Post-Its are your friends. That passage that made you laugh or cry–the one you want to read to your friend, or copy into your commonplace book (or your Tumblr)–will rapidly be overwhelmed by all the other passages that make you laugh or cry: don’t lose track of any of them. A pen or pencil for jotting page numbers inside the back cover is handy too. You e-book users can take advantage of all the highlighting and bookmarking features your gadget provides.

Now that you’re properly equipped, your next challenge is time! You’re going to want to read, and read, and read–but modern life sometimes makes that difficult. What’s to be done?
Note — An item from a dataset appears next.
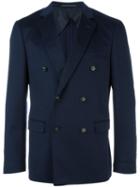 Pal Zileri Double Breasted Blazer, Men's, Size: 50, Blue, Cashmere/cupro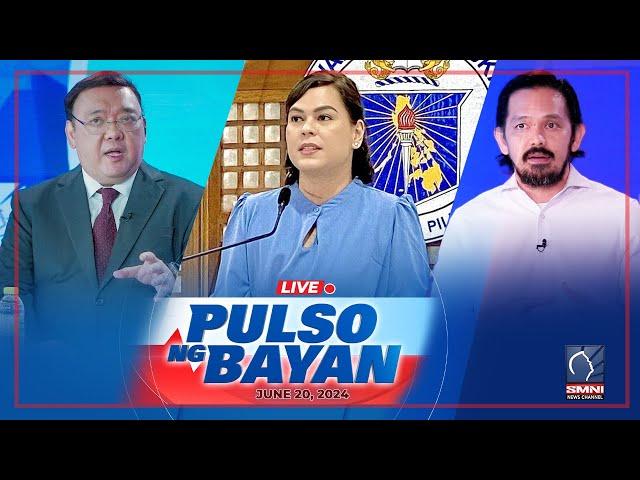 LIVE: Pulso ng Bayan kasama sina Admar Vilando at Jade Calabroso | June 20, 2024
Take the book with you everywhere, that’s what. Bank line-ups, buses, bathrooms, those precious 8 minutes while the pasta boils — you know what to do! A few pages here, a few pages there, and next thing you know, you’re 500 pages in, with only another 200 to go.

Then there’s all the time you’ll save by not watching television. Remember: the most highly-praised shows in recent years are always compared to … Victorian novels! Some of them are straight-up based on them! Just read the originals. They are always better.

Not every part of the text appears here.